:: WORK ORDER ::
Set down the lines below, exactly, starting at the one that contains "Central Illinois Staycation Ideas" and stopping at the last line, inclusive. Omit pictures.

Captioned web images
-------
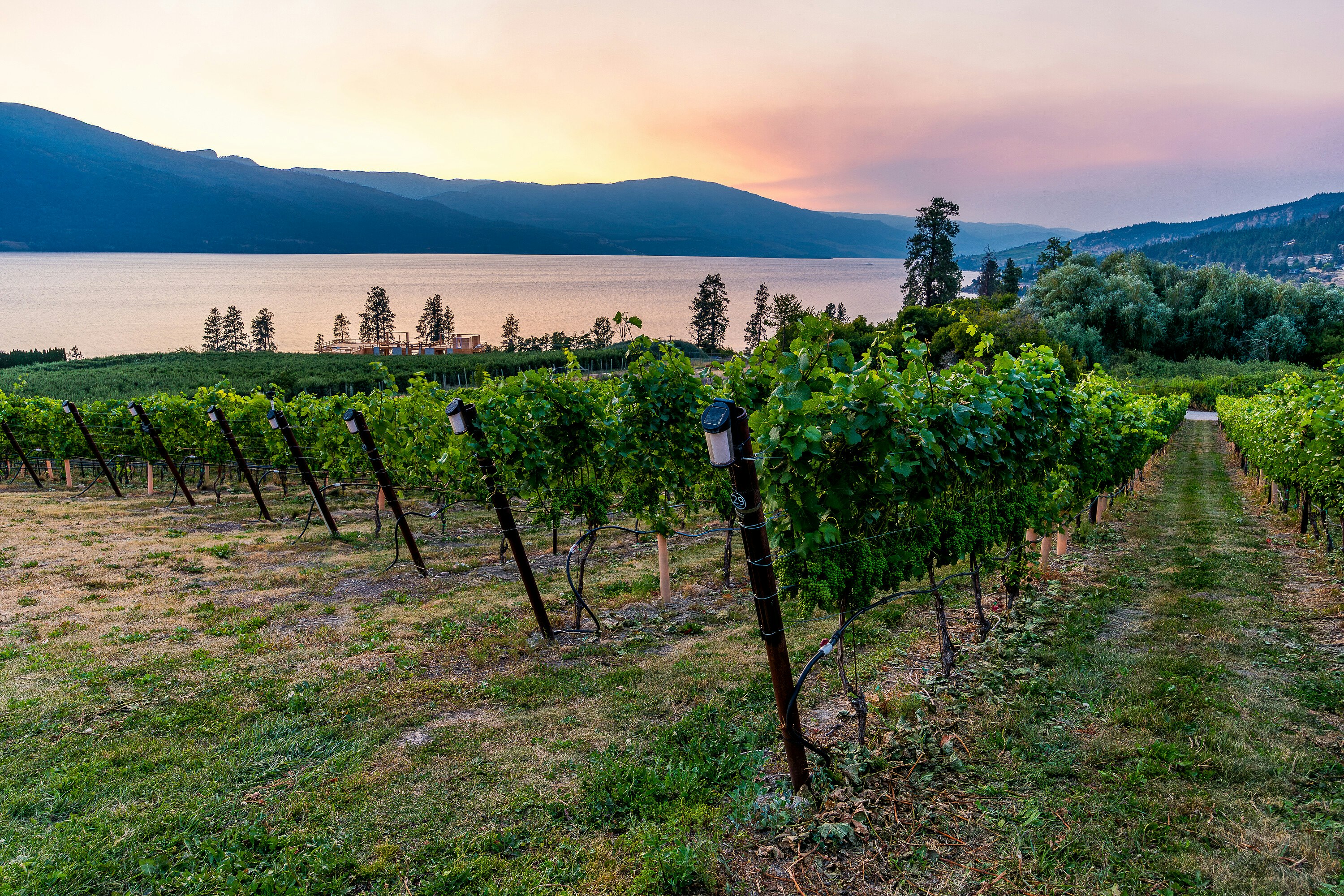 1090 Camp Road, Lake Country, BC, V4V 2H4 - 93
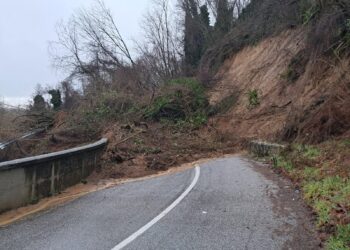 Maltempo, Scigliano completamente isolato – Chiusa la SP 64. Disagi pesanti in tutta l’area Reventino-Savuto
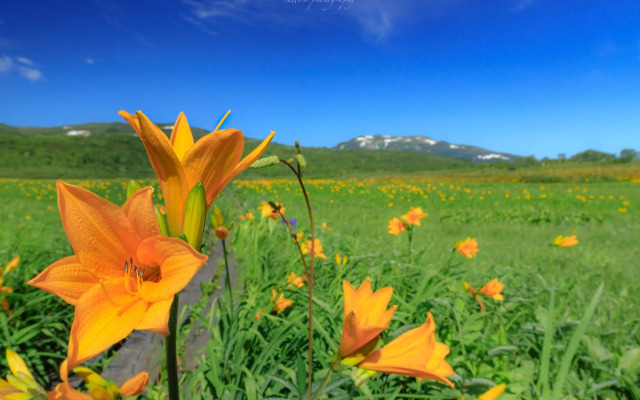 ととのうプレース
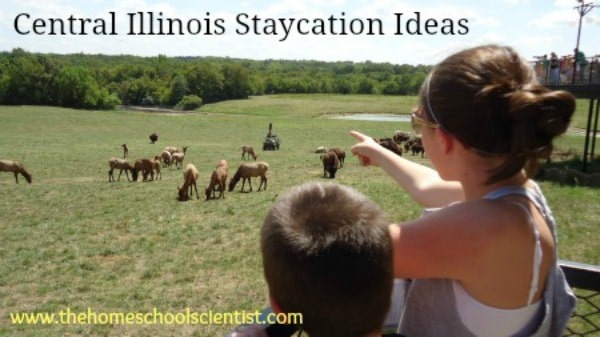 Central Illinois Staycation Ideas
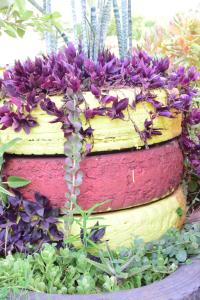 Aed väljaspool majutusasutust EKO Holiday Homes, Lake Chala +3 fotot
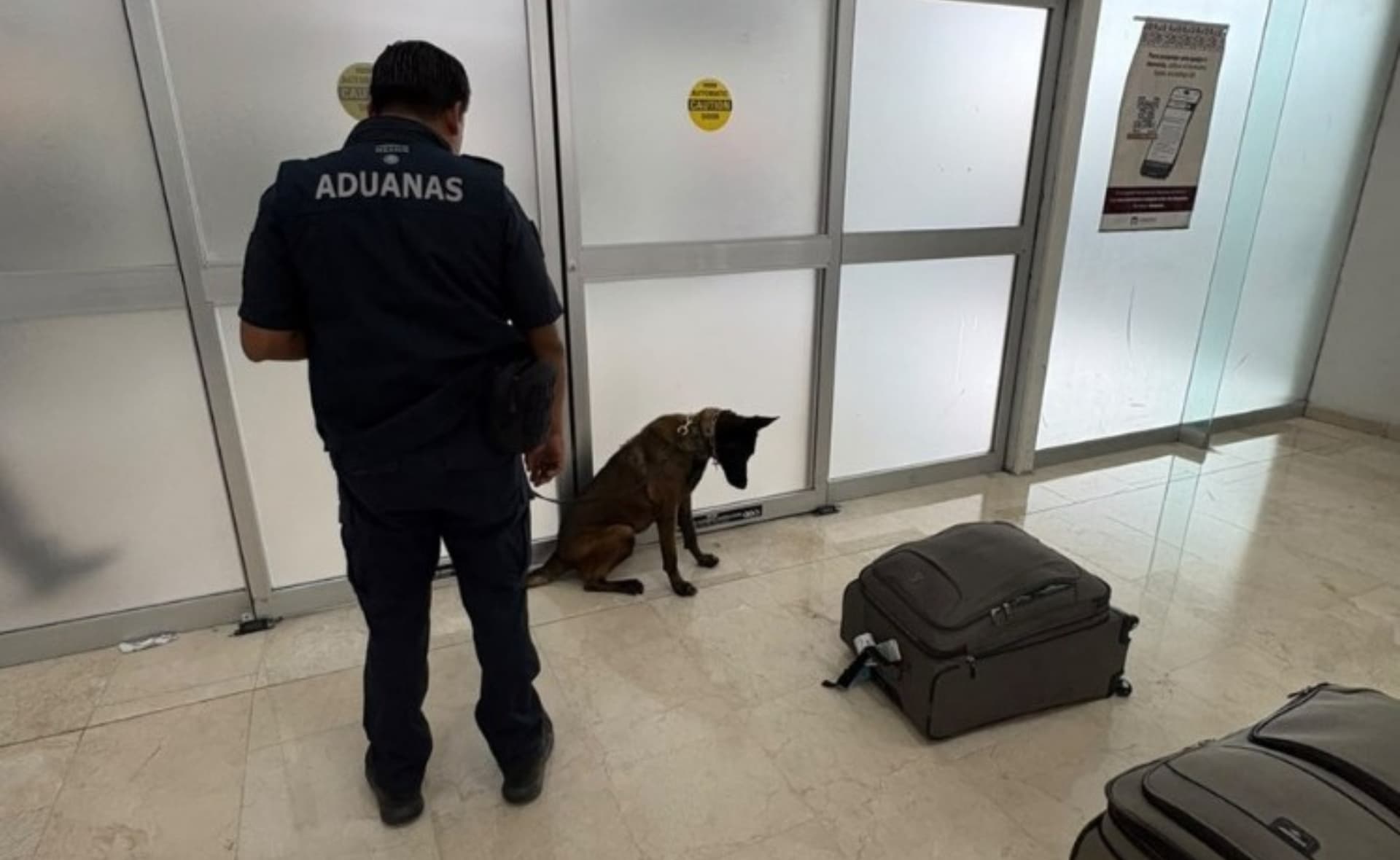 Binomio Canino Detecta Equipaje con Más de 365 Mil Dólares en el Aeropuerto de Oaxaca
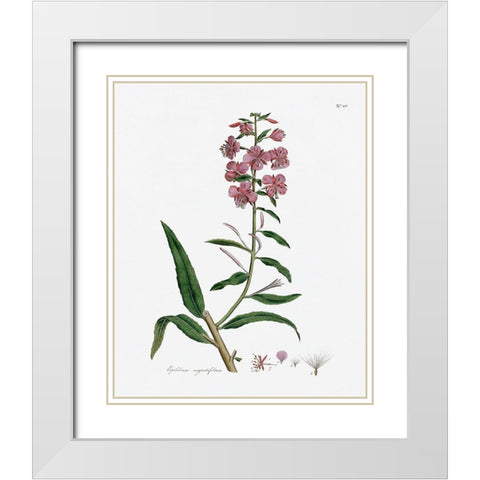 Rose Botanical I White Modern Wood Framed Art Print with Double Matting by CAD Designs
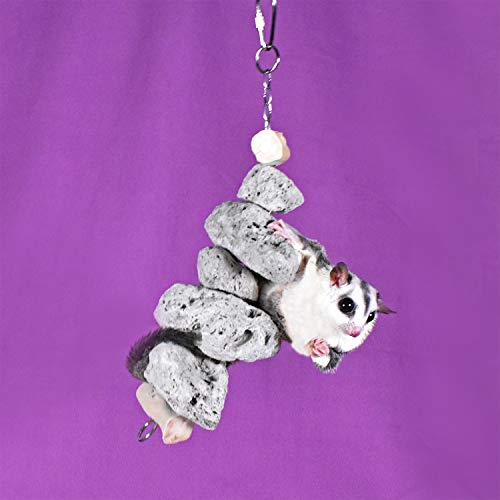 Exotic Nutrition Pumice Chew Dangle - Natural Healthy Hanging Cage Accessory Toy - for Squirrels, Degus, Chinchillas, Prairie Dogs, Birds, Rats, Hamsters, Guinea Pigs & Other Small Pets - color: Light Gray
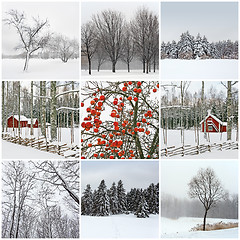 Image showing Winter beauty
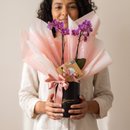 Box Premium Orquídea com Ferrero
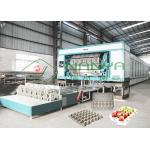 PLC 70mm 30 Holes Egg Tray Pulp Molding Equipment for sale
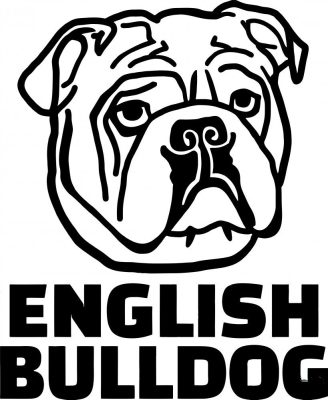 Angol bulldog 4 matrica 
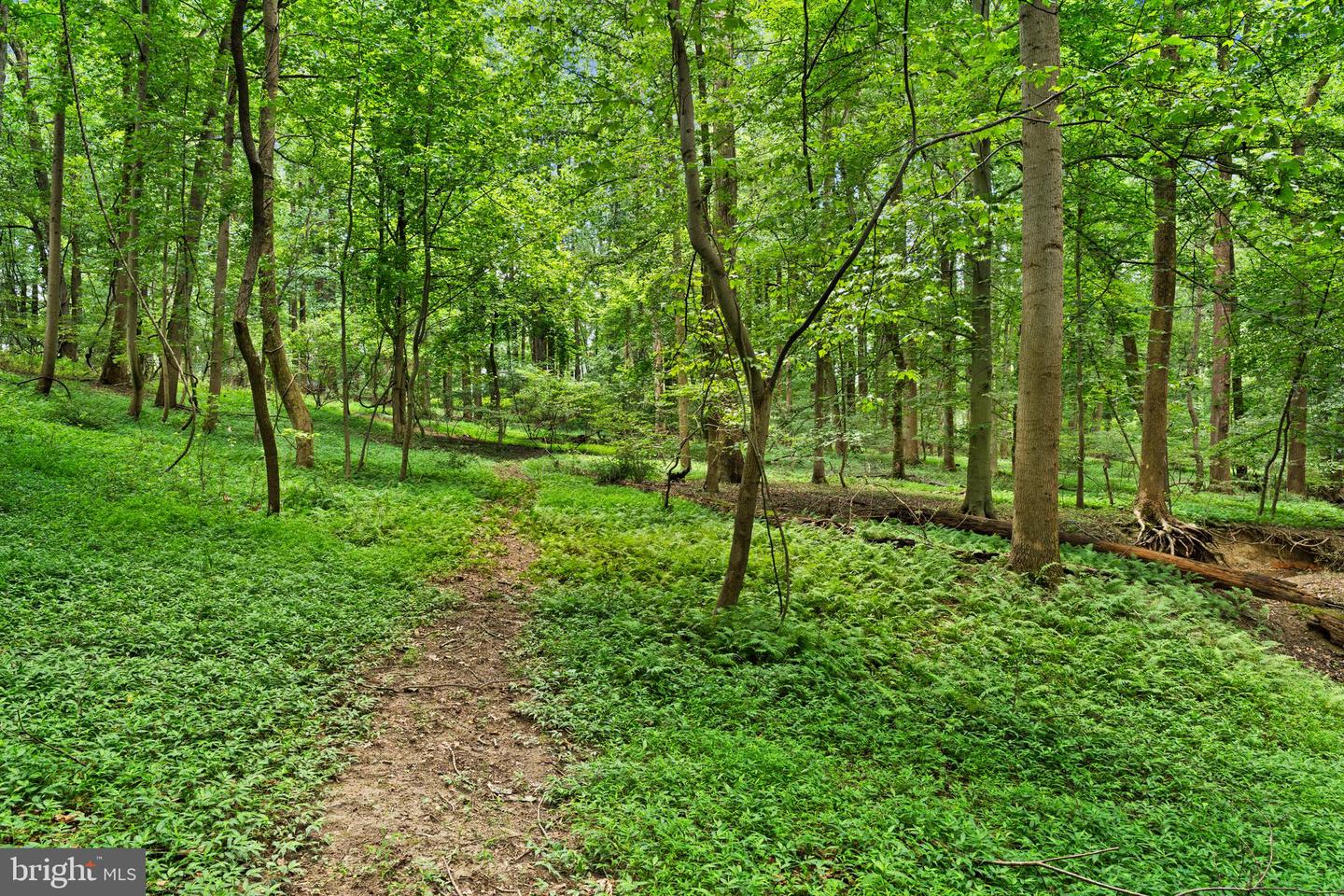 Randallstown, Maryland, 21133, United States, 1 Bedroom Bedrooms, ,1 BathroomBathrooms,Residential,For Sale,1979274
-------
:: SOLVED EXERCISE ::
 Central Illinois Staycation Ideas
 Aed väljaspool majutusasutust EKO Holiday Homes, Lake Chala +3 fotot
 Binomio Canino Detecta Equipaje con Más de 365 Mil Dólares en el Aeropuerto de Oaxaca
 Rose Botanical I White Modern Wood Framed Art Print with Double Matting by CAD Designs
 Exotic Nutrition Pumice Chew Dangle - Natural Healthy Hanging Cage Accessory Toy - for Squirrels, Degus, Chinchillas, Prairie Dogs, Birds, Rats, Hamsters, Guinea Pigs & Other Small Pets - color: Light Gray
 Image showing Winter beauty
 Box Premium Orquídea com Ferrero
 PLC 70mm 30 Holes Egg Tray Pulp Molding Equipment for sale
 Angol bulldog 4 matrica 
 Randallstown, Maryland, 21133, United States, 1 Bedroom Bedrooms, ,1 BathroomBathrooms,Residential,For Sale,1979274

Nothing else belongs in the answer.